Prior to analysis, we removed individuals that had fewer than the mean number of days tracked during the EHDV transmission season minus the standard deviation for that year: 127–38 d and 158–39 d for 2016 and 2017, respectively. Then, we thinned bursts, several GPS points recorded within a few minutes often caused by communication errors between a GPS collar and satellite, to avoid extraneous clustering of movement data [22]. We next resampled animals that had 30-min GPS intervals to a common interval of 60 min to enable comparison between individuals. Here, we define summer to fall (May–October) as the EHDV transmission season in the southeastern U.S. [8]. Thus, for this study, we subsampled all GPS data from 11:00 PM EST on 30 April to 11:00 PM EST on 30 October. Capture information, tracking periods, and individuals excluded from analysis are listed in Table S1.

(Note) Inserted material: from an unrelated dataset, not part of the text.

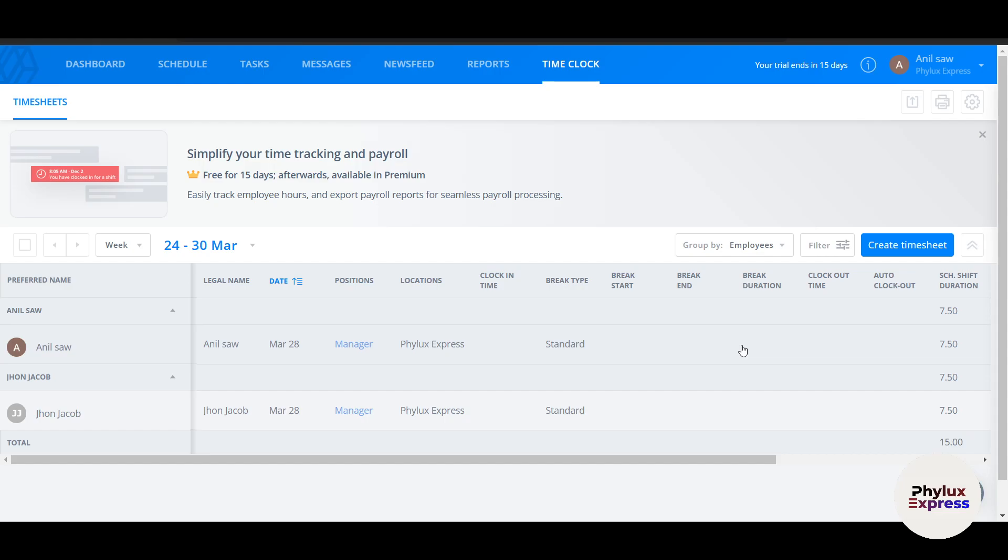That's a complete step-by-step guide to using Sling for workforce management — whether you're creating schedules, tracking time, or analyzing performance, Sling has the tools to help you succeed. If this video helped, give it a thumbs up and subscribe for more software tutorials. Thanks for watching.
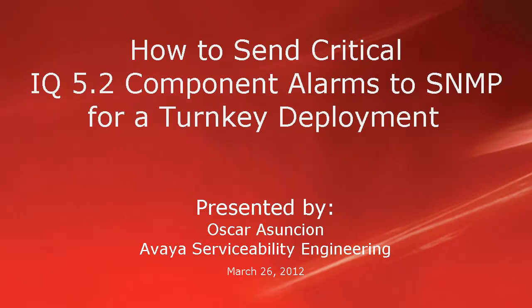Hello, this is Oscar Assuncion with the Avaya Serviceability Engineering team. In this video, I will explain how to send the critical IQ 5.2 component alarms to SNMP for a turnkey deployment.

Home range size & site Fidelity estimation

In this study, we focused on Johnson’s second and third orders of selection, which correspond to an individual animal’s home range (HR) and the individual’s usage of various habitat components within its HR, respectively [23]. The HR can be considered an account of the relative frequency distribution of locations used by an animal [24], where the 95% subset, or activity space, is a summary of this distribution and the 25% subset, or core area, is the proportion of data such that the probability of use of an area is disproportionately high [25]. Understanding the second and third orders of selection behavior exhibited by WTD in the epidemiology and ecology of EHDV can enable deer managers to discover temporally and geographically predictable movement patterns that may expose deer to infectious vectors and thus learn where and when to target subsequent surveillance and intervention efforts [26].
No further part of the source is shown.